Hopper was initially trained as an illustrator, but, between 1901
and 1906, he studied painting under Robert Henri, a member of a
group of painters called the Ashcan School. Hopper travelled to
Europe three times between 1906 and 1910, but he remained
untouched by the experimental work then blossoming in France and
continued throughout his career to follow his own artistic course.
Although he exhibited paintings in the Armory Show of 1913, he
devoted most of his time to advertising art and illustrative
etchings until 1924. He then began to do such watercolours as
“Model Reading” (1925; Art Institute of Chicago), as well as oil
paintings. Like the painters of the Ashcan School, Hopper painted
the commonplaces of urban life.
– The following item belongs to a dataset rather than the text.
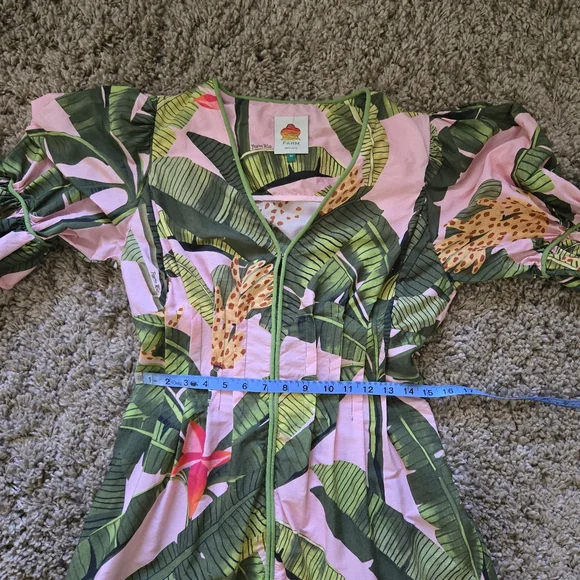 Farm Rio Banana Leaves V-Neck Mini Dress - Picture 11 of 14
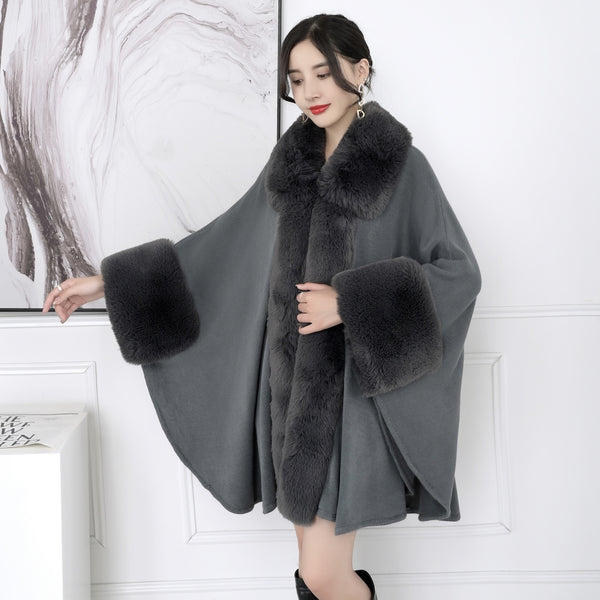 Solid shawl cloak fur collar loose coats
But, unlike their loosely
organized, vivacious paintings, his “House by the Railroad” (1925;
Museum of Modern Art, New York City) and “Room in Brooklyn” (1932;
Museum of Fine Arts, Boston) show still, anonymous figures and
stern geometric forms within snapshot-like compositions that
create an inescapable sense of loneliness. This isolation of his
subjects was heightened by Hopper's characteristic use of light to
insulate persons and objects in space, whether in the harsh
morning light (“Early Sunday Morning,” 1930; Whitney Museum of
American Art, New York City) or the eerie light of an all-night
coffee stand (“Nighthawks,” 1942; Art Institute of Chicago).
Hopper's mature style was already formed by the mid-1920s.His
subsequent development showed a constant refinement of his vision.
Such late paintings as “Second-Story Sunlight” (1960; Whitney
Museum of American Art, New York City) are distinguished by
extremely subtle spatial relationships and an even greater mastery
of light than is seen in his work of the 1920s.